Congratulations are in order. You managed to defeat perhaps the most formidable opponent in the 2018 election cycle — one infused with oodles of out-of-state cash, who carpeted the state with yard signs and basked in the adoration of an often sycophantic national media.

Still you, the “most unlikable man in the Senate,” beat him in a free, fair electoral contest. Truly a feat.

That says something, although not what I suspect you think it does, about Texans and about you. Because while Democrats (and some Republicans disillusioned with the direction of their party) no doubt cast their votes for “Beto” O’Rourke because of who he is (or purports to be), many of those who checked their ballots for “Ted Cruz” did so in spite of who you are.

True, likability isn’t everything; Beto proved that. Where you stand on the issues matters, and the majority of Texans, even a shrinking one, still stand with you. They desire limited government. They believe in first freedoms, like the right to life and free exercise. They want less federal regulation of their land and businesses. They want an immigration system that’s fair and a border that’s secure.

Those are the policy positions you ran on and the ones you promised to advance in Washington, D.C.

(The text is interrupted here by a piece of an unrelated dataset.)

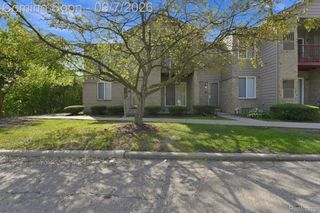 34780 W 8 Mile Road 7, Farmington Hills, MI 48335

But your first term in the Senate wasn’t marked by legislative victories or even earnest attempts at reasonable compromise in the name of getting things done. Instead, it was notable for your theatrical filibuster (which accomplished what, exactly?) and for your laudable, albeit failed, campaign for the presidency.

Like President Obama, you never seemed that interested in serving the people of your state as a senator — your eyes were always focused on a much larger prize, and it showed.

Six years later, the bulk of Obamacare remains in place and a viable replacement continues to elude Congress; the Senate failed to pass a 20-week ban on abortion; and our nation is still no closer to passing substantive immigration reform. In fact, you stood against a serious, bipartisan attempt at immigration reform proposed by our state’s senior senator. Why?

To be fair, these failures are the collective responsibility of lawmakers. Still, it’s fair for Texans to ask, what are you doing for us?

Good news. Now is your chance to show us.

You have another opportunity to exhibit real leadership in Washington. To build the kind of relationships with fellow legislators that help them trust you and make them want to follow you.

You have six more years to reach out, listen to and engage with the people of your state — not just the allegiant ones, but the independents, the disillusioned, the beleaguered communities. You, Sen. Cruz, whose debating skills are unparalleled, have the ability to convince these people, who are told progressive is the only way to be, that conservative principles are their principles and that conservative policies are intended to increase their freedom and opportunity.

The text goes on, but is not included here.